How To Find Your Muse
If there’s one thing I love about working with entrepreneurs, it’s that there is never a shortage of passion. Especially in the context of PIE, Jumpstart Foundry and the clients I am privileged to serve through BubbleUp Interactive, these are individuals that have taken an idea far enough to jump off the cliff and give it a real try, but are often early enough in the process that every little success is a major accomplishment.
I want to take it back a step today and focus on readers that may not know what they want to create but know that they can be something more than what they are.
Roll Call
How many of you know someone that hates their day job? (Har! har!) There’s not a human alive that doesn’t know someone that hates their current career circumstance, and in many cases, that includes their own. Ironically, this also applies to people that may have seen a great deal of success in the past but are challenged by what to do next. Believe it or not, these folks may be just as depressed as those that have never seen those thrilling heights.
I have two things for you to work on if you find yourself in either one of these camps.
Step One: Do This
If you know you’re destined for something greater than your current life condition but have no idea how to find it, lend a hand to someone else. I don’t care if you’re in the 6th grade, you know something about life that a 3rd grader hasn’t even considered. We ALL know something that someone else may find useful. I have written many times about the power of sharing coffee, a meal or a beer with your peers to develop your own professional abilities, but I haven’t said enough about the impact it has on the person sharing the information itself.
How do you find these people in need? There are a million ways, but some of the easy ones are at local networking events, from Chamber of Commerce groups to more specific things like technology, marketing or other meet-ups. Don’t think of those things as just a way to find someone that can help YOU out, think of them too as a way to find people you can help, with or without a profit-motive in mind.

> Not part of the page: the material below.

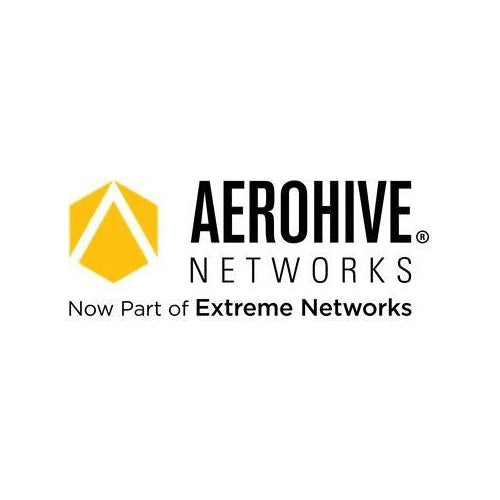 Extreme Networks Aerohive - Accessories Antenne AP650X articulated male indoor antenna kit (8 x Dual Band 5dBi antennas) SKU: AH-ACC-ANT-AX-KT (AH-ACC-ANT-AX-KT) afbeelding 1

But that’s probably making this process more complex than it even needs to be. Look through your list of contacts, for goodness sake! Start with people you know. Look through your inbox. Look around your immediate sphere of influence, however “minor” you may think it is. This isn’t some bigtime board meeting we’re talking about here. This is an hour or two with someone you’d like to learn more about, plain and simple.
And a final note on this point – this isn’t a one-time deal, folks. This could be a daily exercise if you want it to be. I try to book happy hour meetings Monday – Thursday (my beautiful bride gets my Fridays & weekends). If you’re on a budget, mid-morning coffee meetings are great. It’s rarely even necessary to pick up more than your own drink. A house coffee will cost you a buck or two. The relationships these meetings lead to could be worth millions in time, and I mean literally.
Step Two: Answer These
I don’t remember where I got this list a couple of years ago (Godin, maybe?), but taking the time to honestly answer each of the following 25 questions can be a great way to get to the heart of your true passions and professional desires. Share your answers with others or keep them completely to yourself, but DO write them down. I did this back in 2008 and was almost shocked to see how similar my answers are today, even in a profoundly different place in my personal and professional life.
25 Passion-Inspiring Questions
1. If you could do just one thing all day long and get paid well for doing it, what would you do?
2. If you could only give one speech, for one hour, for one million people, what ONE WORD would that speech be about?
3. If you could only have one section of the bookstore to visit, which section would it be?
4. If you could only subscribe to ONE publication for the rest of your life, what would it be?
5. If you could only work 2 days a week, what would you do?
6. If you could only work 2 hours a week, what would you do?
7. If you could take a sabbatical for one year, where would you go and what would you do?
8. If you didn’t have to work, what would you do all day long?
9. If you were the last human on Earth, what would you still do every day?
10. What activity always makes you lose track of time?
11. What activity gives you the most energy?
12. What brings you to life?
13. What could you talk about forever?
14. What things are you able to do, without even trying?
15. What do you like to do, just for the fun of it?
16. What do you love to do that (you can’t believe) people actually pay you money to do?
17. What do you love to talk about?
18. What do you most enjoy making?
19. What have you always found to be easy?
20. What is the one thing that people couldn’t pay you NOT to do?
21. What pictures from your phone do you show people the most?
22. What questions do you look forward to be asked?
23. When you don’t know what to do, what do you find yourself doing to find your way?
24. Why do you admire the people you admire?
25. You, yourself, are at your best when you’re acting HOW?